路燈的光暈下,一張褪色發黃的紙片貼在佈滿汙漬的電線杆上,邊角被風雨撕扯得破碎。
紙張上印著一個女孩的輪廓,小小的臉,模糊的五官,但那雙琥珀色的眼睛,在慘白的光線下異常清晰,下面印著碩大的黑體字:尋人啟事。

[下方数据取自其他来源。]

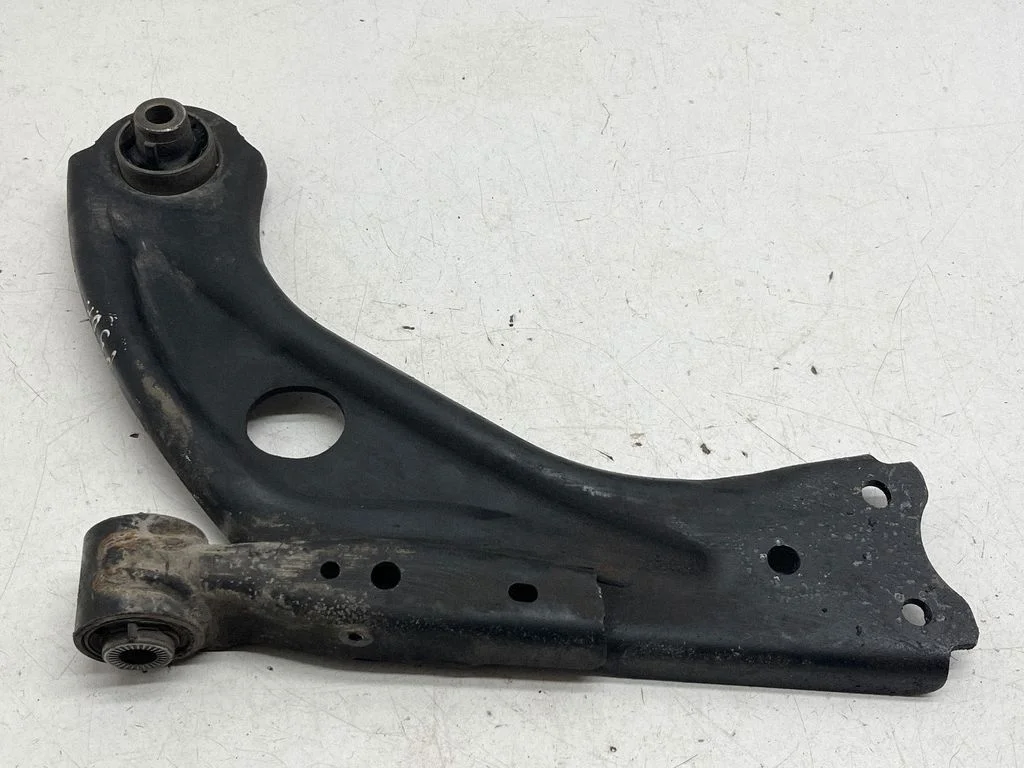 Front lower control arm/wishbone 7AAA260138344G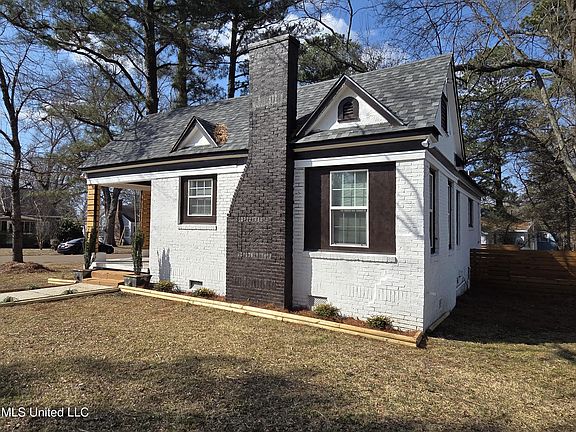 2nd image of 404 Downing St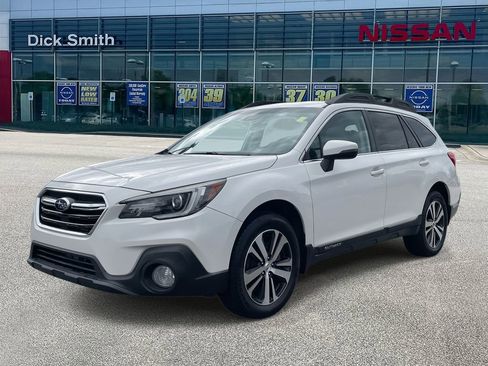Used 2018 Subaru Outback 3.6R Limited image 3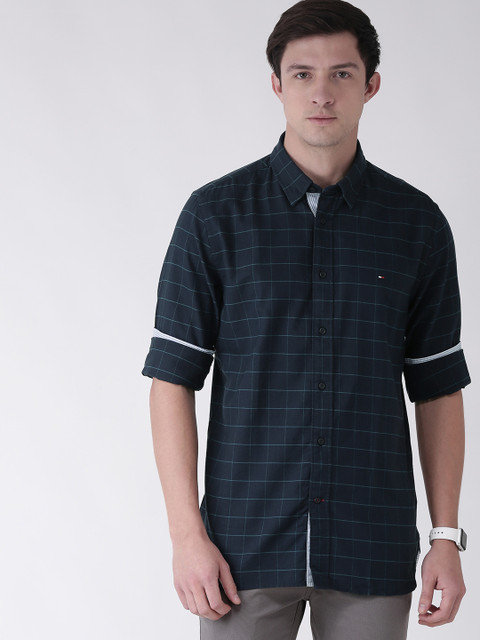 

Tommy Hilfiger Men Navy Blue Regular Fit Checked Casual Shirt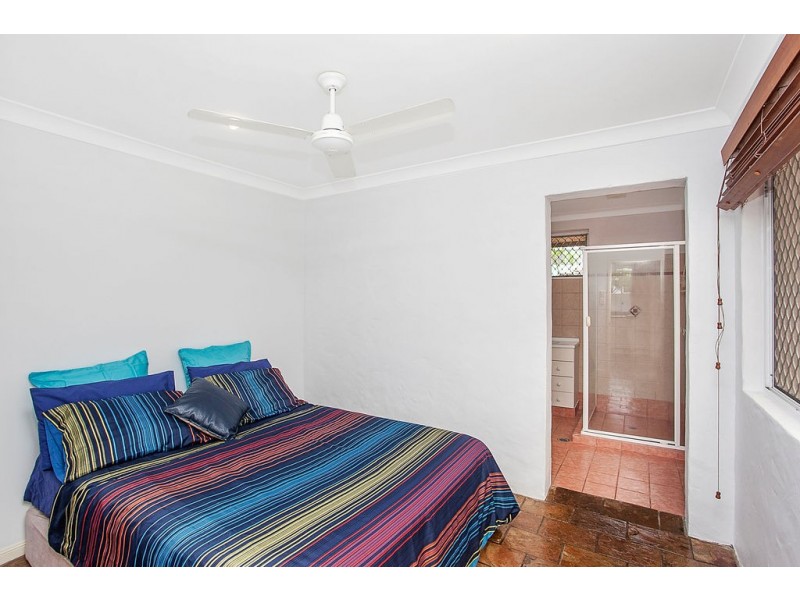 3 Joy Avenue, Burleigh Waters QLD 4220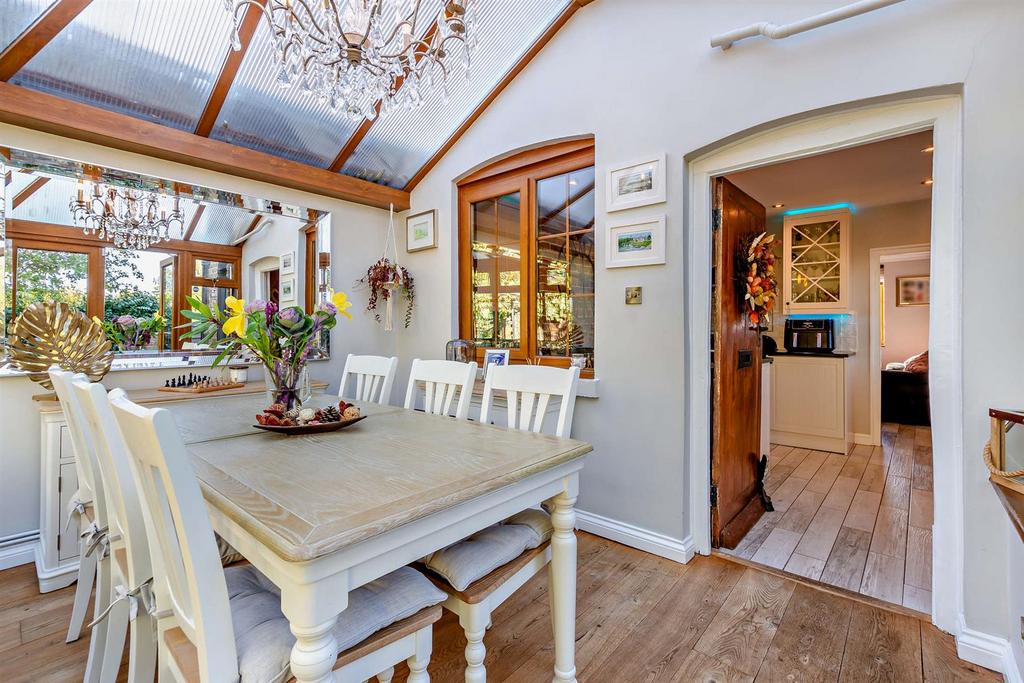8666530-interior14-800.jpg
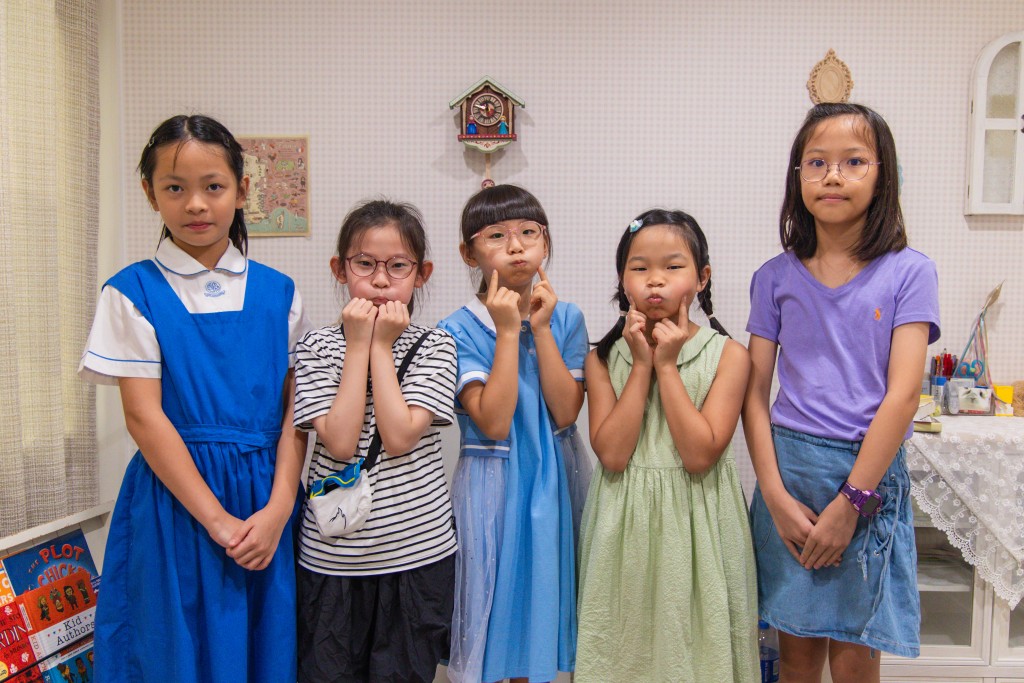 (由左至右)Chantel、Aki、Alicia、和Kamila和Elisha。(圖:李沃濤) (由左至右)Chantel、Aki、Alicia、和Kamila和Elisha。(圖:李沃濤)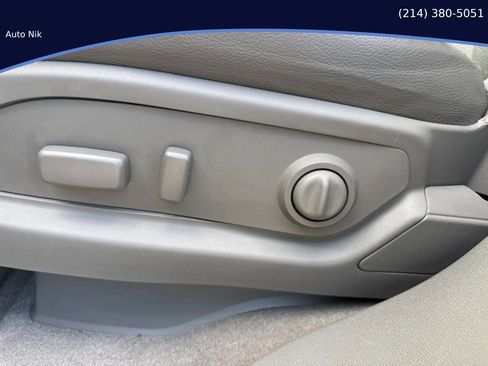 Used 2017 Chevrolet Traverse LT image 13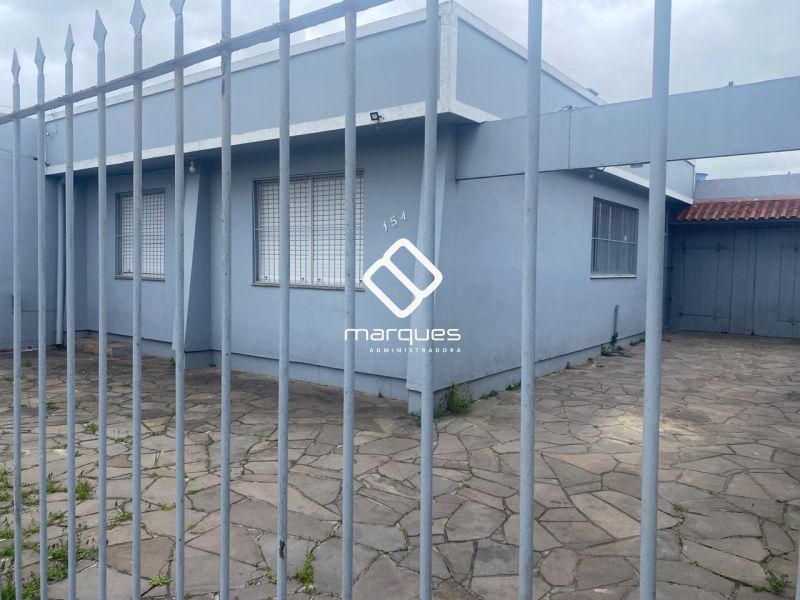 Casa com 3 quartos, 2 banheiros e 204m² à venda no bairro Areal, Pelotas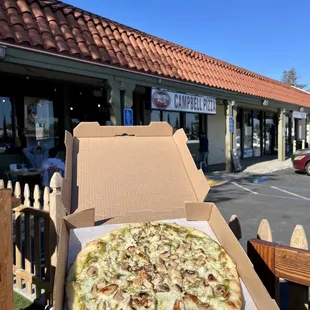 Pesto chicken pizza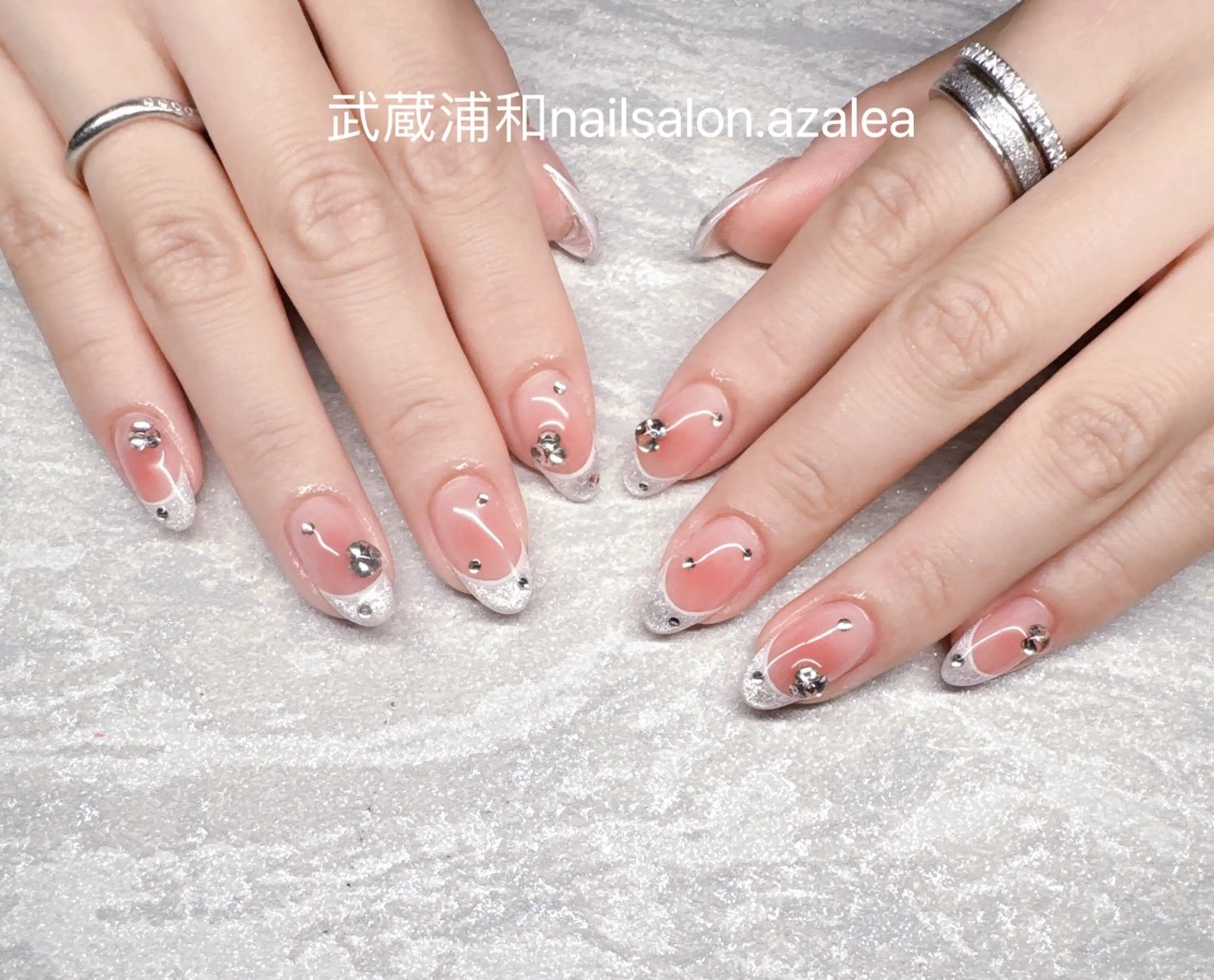 ネイル ハンドネイル R inのネイルデザイン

許優停下腳步,指尖冰涼,輕輕拂過那粗糙的紙面,她扯了扯嘴角,一個乾澀的弧度。
原來他們一直沒放棄。
許優停在門口,手在冰冷的金屬門把上停留了一瞬,指節用力到泛白。
四年的時光,無休止的疼痛和針頭刺破皮膚的觸感……像潮水般湧來又被她狠狠壓下去。
推開門。
許優站在門口,門外的冷風趁機灌入,吹動了她額前幾縷細軟的黑髮。
她看著那兩個凝固的身影,心臟在胸腔裡擂鼓般劇烈地跳動,幾乎要撞碎肋骨。
“三舅,哥哥,我回來了。”
哐當!
粗瓷茶杯從三舅手中滑落,砸在水泥地上,清脆的碎裂聲像投入死水的巨石。
周平來到她身前,胳膊鐵箍般死死勒住她單薄的身體,力氣大得讓她幾乎瞬間窒息,周平身體無法抑制的顫抖。
“咳…哥…哥…”許優被勒得喘不過氣,艱難地擠出幾個破碎的音節。
她下意識地抬手,想要回抱住他,卻發現自己細瘦的手臂根本環不住少年寬闊的脊背,只能徒勞地抓著他的校服布料。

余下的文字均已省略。